Task item = Print the listing exactly, but only as far as the line containing "Rénovation de la". The first line and that line are both included.

The input =
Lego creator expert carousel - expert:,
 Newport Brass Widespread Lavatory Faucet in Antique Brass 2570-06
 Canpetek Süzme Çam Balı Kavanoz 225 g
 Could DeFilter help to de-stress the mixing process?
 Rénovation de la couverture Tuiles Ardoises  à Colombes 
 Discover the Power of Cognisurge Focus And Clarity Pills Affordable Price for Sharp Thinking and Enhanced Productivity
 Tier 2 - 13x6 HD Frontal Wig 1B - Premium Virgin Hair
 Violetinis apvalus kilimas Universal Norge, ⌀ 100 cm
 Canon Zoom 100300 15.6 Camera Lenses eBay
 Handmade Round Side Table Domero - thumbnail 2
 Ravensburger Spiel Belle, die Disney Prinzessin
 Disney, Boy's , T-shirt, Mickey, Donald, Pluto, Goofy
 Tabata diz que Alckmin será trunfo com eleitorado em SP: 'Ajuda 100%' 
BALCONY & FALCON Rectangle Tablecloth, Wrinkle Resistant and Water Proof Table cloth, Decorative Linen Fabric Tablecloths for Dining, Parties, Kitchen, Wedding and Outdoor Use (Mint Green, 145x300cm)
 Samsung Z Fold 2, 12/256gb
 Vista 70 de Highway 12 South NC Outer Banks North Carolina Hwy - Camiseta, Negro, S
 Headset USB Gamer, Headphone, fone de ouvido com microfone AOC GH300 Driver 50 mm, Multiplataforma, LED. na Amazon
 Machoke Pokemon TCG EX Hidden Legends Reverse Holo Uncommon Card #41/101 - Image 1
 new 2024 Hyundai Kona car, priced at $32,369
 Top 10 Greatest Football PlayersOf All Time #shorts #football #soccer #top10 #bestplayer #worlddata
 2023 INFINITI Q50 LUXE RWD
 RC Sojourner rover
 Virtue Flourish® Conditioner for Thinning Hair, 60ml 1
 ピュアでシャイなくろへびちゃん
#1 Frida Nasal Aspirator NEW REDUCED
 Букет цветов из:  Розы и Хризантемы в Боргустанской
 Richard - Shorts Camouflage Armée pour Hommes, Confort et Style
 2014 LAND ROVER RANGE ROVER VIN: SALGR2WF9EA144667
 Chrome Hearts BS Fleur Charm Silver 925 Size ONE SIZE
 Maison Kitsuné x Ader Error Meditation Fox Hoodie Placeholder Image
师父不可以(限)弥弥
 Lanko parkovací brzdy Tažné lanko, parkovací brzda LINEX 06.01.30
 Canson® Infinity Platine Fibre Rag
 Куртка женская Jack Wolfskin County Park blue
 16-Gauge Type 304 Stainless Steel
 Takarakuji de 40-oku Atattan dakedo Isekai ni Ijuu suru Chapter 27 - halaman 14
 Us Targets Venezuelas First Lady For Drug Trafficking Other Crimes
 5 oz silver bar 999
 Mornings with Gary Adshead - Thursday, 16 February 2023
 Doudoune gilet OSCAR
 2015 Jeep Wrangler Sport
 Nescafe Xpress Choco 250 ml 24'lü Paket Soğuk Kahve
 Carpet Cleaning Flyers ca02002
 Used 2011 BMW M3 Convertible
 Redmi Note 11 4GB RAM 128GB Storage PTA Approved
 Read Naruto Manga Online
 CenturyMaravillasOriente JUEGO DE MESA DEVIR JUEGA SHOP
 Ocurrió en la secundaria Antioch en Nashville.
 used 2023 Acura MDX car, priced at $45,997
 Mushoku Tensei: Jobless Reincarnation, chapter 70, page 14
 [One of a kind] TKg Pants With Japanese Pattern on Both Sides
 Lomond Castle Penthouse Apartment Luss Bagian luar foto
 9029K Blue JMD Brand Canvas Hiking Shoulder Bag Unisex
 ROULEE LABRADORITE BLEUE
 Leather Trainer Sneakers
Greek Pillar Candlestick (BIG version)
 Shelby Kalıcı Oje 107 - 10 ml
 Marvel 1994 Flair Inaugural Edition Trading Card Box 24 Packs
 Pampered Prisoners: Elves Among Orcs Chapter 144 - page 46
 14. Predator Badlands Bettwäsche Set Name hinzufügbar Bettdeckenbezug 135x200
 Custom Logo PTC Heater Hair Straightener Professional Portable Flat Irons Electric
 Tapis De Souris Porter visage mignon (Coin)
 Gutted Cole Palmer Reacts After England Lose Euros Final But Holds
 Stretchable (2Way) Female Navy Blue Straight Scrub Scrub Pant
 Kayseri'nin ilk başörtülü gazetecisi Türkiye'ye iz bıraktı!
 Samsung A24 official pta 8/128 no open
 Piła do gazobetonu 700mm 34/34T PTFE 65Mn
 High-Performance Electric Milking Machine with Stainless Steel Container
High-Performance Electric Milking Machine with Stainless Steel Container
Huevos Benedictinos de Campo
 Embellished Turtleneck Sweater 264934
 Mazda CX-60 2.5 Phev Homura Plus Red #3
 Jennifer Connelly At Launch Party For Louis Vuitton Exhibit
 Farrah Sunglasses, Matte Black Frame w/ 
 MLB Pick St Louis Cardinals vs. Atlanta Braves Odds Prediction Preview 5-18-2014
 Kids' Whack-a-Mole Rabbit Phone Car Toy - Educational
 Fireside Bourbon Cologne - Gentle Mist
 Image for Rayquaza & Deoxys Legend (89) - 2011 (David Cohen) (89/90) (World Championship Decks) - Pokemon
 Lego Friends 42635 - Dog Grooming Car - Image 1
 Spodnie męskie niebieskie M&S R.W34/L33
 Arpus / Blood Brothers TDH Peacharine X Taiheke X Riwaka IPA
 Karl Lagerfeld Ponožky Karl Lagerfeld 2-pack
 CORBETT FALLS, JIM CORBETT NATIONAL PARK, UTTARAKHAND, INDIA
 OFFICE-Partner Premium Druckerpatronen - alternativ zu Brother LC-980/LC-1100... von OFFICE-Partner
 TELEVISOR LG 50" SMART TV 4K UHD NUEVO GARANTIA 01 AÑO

Answer space =
Lego creator expert carousel - expert:,
 Newport Brass Widespread Lavatory Faucet in Antique Brass 2570-06
 Canpetek Süzme Çam Balı Kavanoz 225 g
 Could DeFilter help to de-stress the mixing process?
 Rénovation de la couverture Tuiles Ardoises  à Colombes 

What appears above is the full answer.